Até porque, não custa observar, tratando-se de cigarros, a própria mercadoria, por si só, já era prejudicial à saúde, a ponto de tornar imprescindível que a prova pericial demonstrasse que, naquelas condições, tinha maior potencial de prejudicar o consumidor. Vale dizer, não há como considerar demonstrada a materialidade da infração, pois como ela deixa vestígios, nos termos do art. 158, do Código de Processo Penal, a prova técnica era imprescindível.

Nesse sentido a doutrina de Guilherme de Souza Nucci, para quem “…ter matéria-prima ou mercadoria em condições impróprias ao consumo é situação que, logicamente, deixa vestígio material, preenchendo o disposto no art. 1258 do Código de Processo Penal…Por isso, cremos indispensável a realização do exame pericial para atestar que a mercadoria ou a matéria-prima, realmente, pela avaliação de especialistas, é imprópria para consumo…” (Leis Penais e Processuais Comentaras, Editora Revista dos Tribunais, 5ª edição, pag. 1087). A jurisprudência não destoa dessa orientação:

“Agentes que fabricam e mantém em depósito, para venda, produtos em desconformidade com as normas regulamentares de fabricação e distribuição. Imputação do crime do inciso IX do art. 7º da Lei nº 8.137/90. Norma penal em branco, a ter seu conteúdo preenchido pela norma do inciso II do § 6º do art. 18 da Lei nº 8.078/90. 2. São impróprios para consumo os produtos fabricados em desacordo com as normas regulamentares de fabricação, distribuição ou apresentação. A criminalização da conduta, todavia, está a exigir do titular da ação penal a comprovação da impropriedade do produto para uso. Pelo que imprescindível, no caso, a realização de exame pericial para aferir a nocividade dos produtos apreendidos. 3. Ordem concedida.” (STF, HC 90779, Relator(a): Min. Carlos Britto, Primeira Turma, julgado em 17/06/2008, DJe-202, divulg 23-10-2008, public 24-10-2008, ement vol-02338-02, pp-00244); “Da leitura do artigo 7º, inciso IX, da Lei 8.137/1990, percebe- se que se trata de delito não transeunte, que deixa vestígios materiais, sendo indispensável, portanto, a realização de perícia para a sua comprovação, nos termos do artigo 158 do Código de Processo Penal. Doutrina. Precedentes do STJ e do STF.” (STJ, RHC 42.499/SP, Rel. Ministro Jorge Mussi, Quinta Turma, julgado em 10/12/2013, DJe 03/02/2014).

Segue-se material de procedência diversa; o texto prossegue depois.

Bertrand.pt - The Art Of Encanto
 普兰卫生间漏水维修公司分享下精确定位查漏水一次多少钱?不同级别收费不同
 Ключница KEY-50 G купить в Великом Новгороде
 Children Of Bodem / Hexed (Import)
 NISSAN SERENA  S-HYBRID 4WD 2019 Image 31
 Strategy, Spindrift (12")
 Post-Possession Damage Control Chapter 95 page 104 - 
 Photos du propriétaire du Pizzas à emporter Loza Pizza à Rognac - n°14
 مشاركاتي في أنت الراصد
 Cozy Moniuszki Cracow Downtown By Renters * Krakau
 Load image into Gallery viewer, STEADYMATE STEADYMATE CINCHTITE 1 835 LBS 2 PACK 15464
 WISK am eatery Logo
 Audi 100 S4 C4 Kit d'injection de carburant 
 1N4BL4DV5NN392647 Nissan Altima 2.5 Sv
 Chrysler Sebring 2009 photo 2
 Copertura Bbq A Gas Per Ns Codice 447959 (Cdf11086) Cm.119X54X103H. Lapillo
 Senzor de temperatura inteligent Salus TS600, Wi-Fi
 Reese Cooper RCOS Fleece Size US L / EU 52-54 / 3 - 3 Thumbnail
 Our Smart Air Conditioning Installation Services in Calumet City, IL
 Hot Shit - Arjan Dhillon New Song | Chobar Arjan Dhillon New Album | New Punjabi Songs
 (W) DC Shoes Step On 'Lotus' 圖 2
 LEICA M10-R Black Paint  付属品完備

Portanto, na medida em que, por aqui, não foi realizada a perícia nos objetos apreendidos; e como essa prova não pode ser suprida até mesmo pela confissão do acusado, a absolvição, ainda que por outro motivo já que o princípio da insignificância não pode ser aplicado para os casos de crimes contra as relações de consumo era medida que realmente se impunha.

Diante do exposto, NEGA-SE PROVIMENTO AO RECURSO para a manutenção da absolvição, com alteração do fundamento para o art. 386, inciso VII, do Código de Processo Penal.